##### ENTRIES SUPPLIED #####
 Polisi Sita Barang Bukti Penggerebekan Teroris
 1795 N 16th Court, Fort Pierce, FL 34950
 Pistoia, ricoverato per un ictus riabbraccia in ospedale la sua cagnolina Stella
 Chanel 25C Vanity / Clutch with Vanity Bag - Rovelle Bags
#####
##### ENTRIES SUPPLIED #####
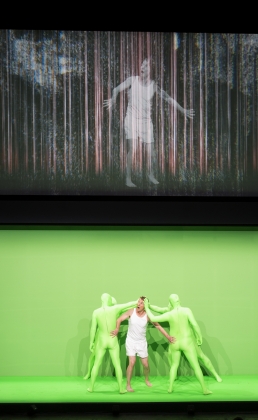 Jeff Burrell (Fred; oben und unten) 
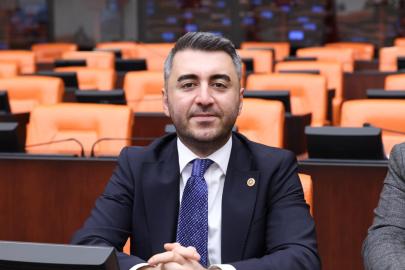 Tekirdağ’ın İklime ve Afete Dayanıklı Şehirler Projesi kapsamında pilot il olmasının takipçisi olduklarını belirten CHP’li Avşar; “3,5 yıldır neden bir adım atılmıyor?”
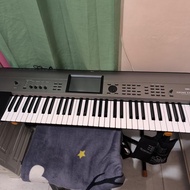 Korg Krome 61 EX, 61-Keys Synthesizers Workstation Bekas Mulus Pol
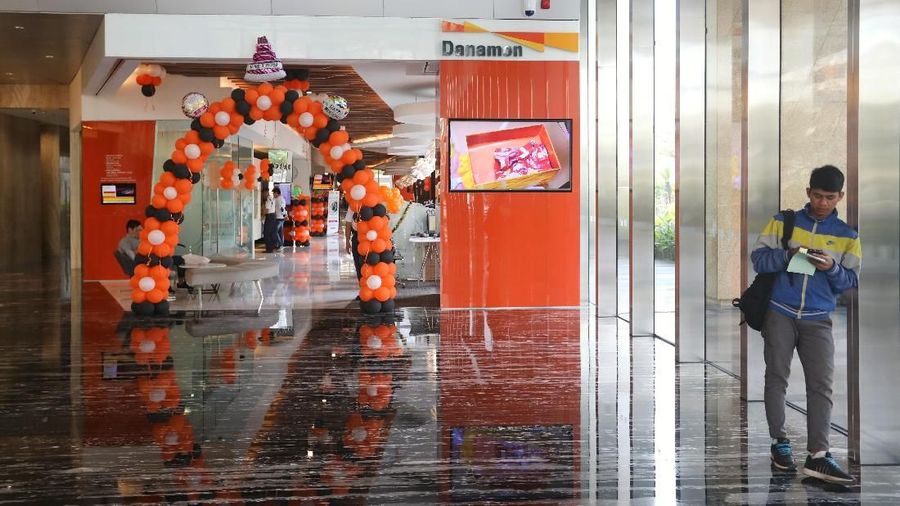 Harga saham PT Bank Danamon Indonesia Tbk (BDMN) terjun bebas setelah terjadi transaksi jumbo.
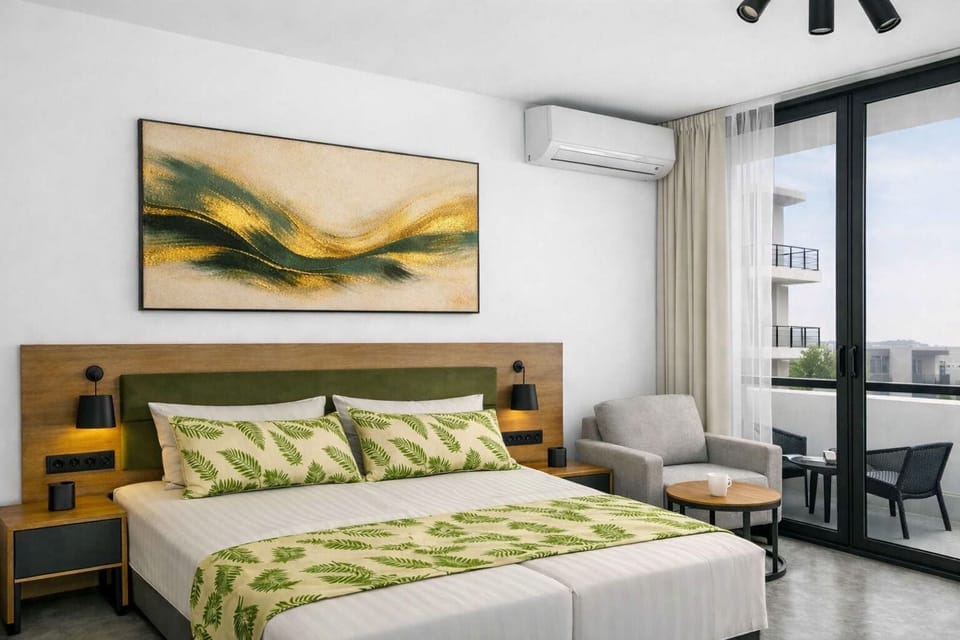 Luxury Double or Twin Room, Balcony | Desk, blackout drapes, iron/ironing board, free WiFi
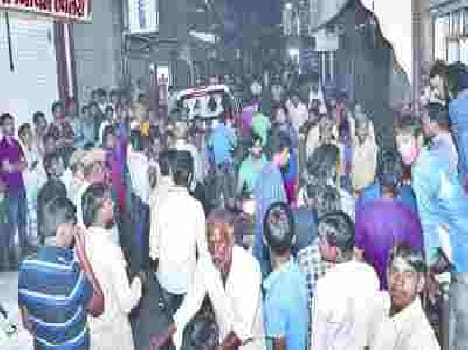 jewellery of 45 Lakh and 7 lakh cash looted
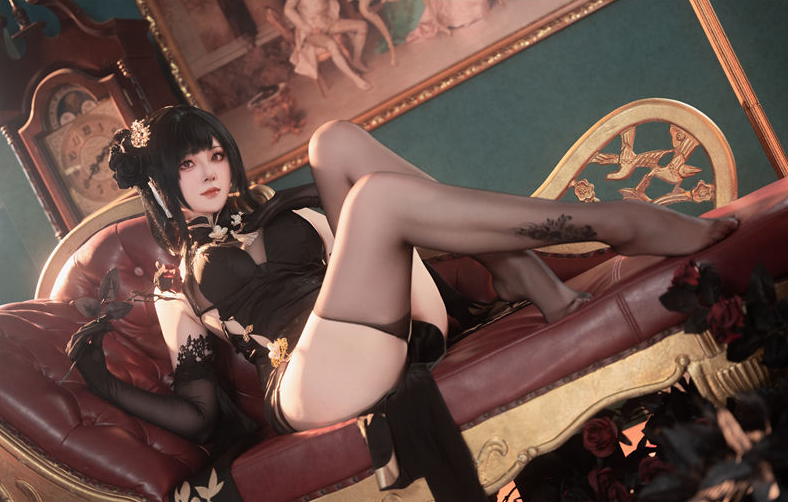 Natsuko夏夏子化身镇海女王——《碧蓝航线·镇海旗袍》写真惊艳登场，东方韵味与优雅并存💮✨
#####
▶ **TASK TO CARRY OUT**: In the listing above, locate the line containing "Pistoia, ricoverato per" and the line containing "Chanel 25C Vanity". Extract those two lines and every line between them, exactly as written, and only those.

▶ **EXERCISE OUTPUT**:
 Pistoia, ricoverato per un ictus riabbraccia in ospedale la sua cagnolina Stella
 Chanel 25C Vanity / Clutch with Vanity Bag - Rovelle Bags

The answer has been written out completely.